Apocalypse, Right Now: The Smell of Armageddon in the Morning

Apocalypse, Right Now: The Smell of Armageddon in the Morning 1

“There is a theory which states that if ever anyone discovers exactly what the Universe is for and why it is here, it will instantly disappear and be replaced by something even more bizarre and inexplicable. There is another theory which states that this has already happened.” ― Douglas Adams, The Restaurant at the End of the Universe

Is there?

One traditionally expects the apocalypse to be a reasonably well-planned event, replete with clear warning signs of impending doom, a sufficiently identified cast of characters, and a time frame laid out by the best minds in project management.  Seven Seals broken?  Check.  Four Horsemen rode in?  Check.  Antichrist at large?  Check.  Messiah shows up again and rules for 1000 years?

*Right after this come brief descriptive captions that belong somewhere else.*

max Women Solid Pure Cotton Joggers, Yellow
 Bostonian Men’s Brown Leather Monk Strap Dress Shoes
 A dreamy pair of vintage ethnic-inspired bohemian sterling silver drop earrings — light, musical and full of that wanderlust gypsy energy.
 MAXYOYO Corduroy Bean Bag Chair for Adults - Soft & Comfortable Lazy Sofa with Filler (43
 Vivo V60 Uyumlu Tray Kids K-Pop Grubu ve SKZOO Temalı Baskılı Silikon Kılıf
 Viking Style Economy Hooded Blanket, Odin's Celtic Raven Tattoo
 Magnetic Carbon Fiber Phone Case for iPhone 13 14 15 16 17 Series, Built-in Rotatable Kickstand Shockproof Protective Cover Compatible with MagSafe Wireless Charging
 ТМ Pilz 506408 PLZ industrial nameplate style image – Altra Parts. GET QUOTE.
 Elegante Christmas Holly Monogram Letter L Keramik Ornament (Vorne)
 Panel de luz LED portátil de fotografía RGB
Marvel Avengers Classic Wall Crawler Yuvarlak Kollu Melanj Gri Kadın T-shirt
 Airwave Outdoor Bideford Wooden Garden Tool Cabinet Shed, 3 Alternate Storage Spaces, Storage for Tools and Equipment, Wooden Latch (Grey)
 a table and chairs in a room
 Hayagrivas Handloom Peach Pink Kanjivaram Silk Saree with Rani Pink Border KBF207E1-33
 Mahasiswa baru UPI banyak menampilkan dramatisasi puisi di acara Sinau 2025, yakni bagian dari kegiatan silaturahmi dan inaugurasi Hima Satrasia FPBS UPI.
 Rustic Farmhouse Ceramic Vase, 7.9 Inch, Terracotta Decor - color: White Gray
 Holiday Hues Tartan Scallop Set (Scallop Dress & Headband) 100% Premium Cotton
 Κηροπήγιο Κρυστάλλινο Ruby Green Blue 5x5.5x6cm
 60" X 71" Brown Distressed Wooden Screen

Yup.  All the righteous gathered up to live in eternal bliss?  Okay, that about wraps up human existence.  If you were so inclined, you could put together a pretty snazzy flowchart of the Christian Apocalypse.  Hindu eschatology is similarly well organized despite a cyclic notion of time, and is especially precise regarding the schedule.  While the complete extinction of the greater Hindu universe never actually occurs from the perspective of someone with serious divine juice like Brahma, each Kalpa (4.32 billion years) represents an end of existence for the unwashed masses.  Each Kalpa is broken up into four Yuga cycles of varying length (the Satya Yuga, Treta Yuga, Dvapara Yuga, and ending with the Kali Yuga).  The Kali Yuga, incidentally the period we are currently purported to be in usually involves a 432,000 year period of impiety, violence, and decay.  By the very end of the Kali Yuga, tree bark and leaves will be the height of fashion, people will only live 23 years, false religions will abound, and eventually mankind will be utterly destroyed as the entire universe is recreated.  The point is that for most religions, the apocalypse is a relatively long and drawn out affair with lots of mileposts, so you know where you stand.  As with any grand theory, you always have dissenters who up the ante and although, sitting in your cave on the Aegean island of Patmos, you thought you came up with a worst case scenario, some snarky pessimist inadvertently comes up with an even more disturbing version of how the universe will end.  Certain strains of Hinduism and Christianity thought the orthodox apocalypses weren’t horrifying enough and suggested that we are in imminent danger of complete obliteration from second to second.  No grand plan.  No signs and portents.  For any given moment you exist, but in the next blink of an eye your particular universe (or rather that of you and every other mortal sharing it with you) might just be arbitrarily eradicated by an incautious god.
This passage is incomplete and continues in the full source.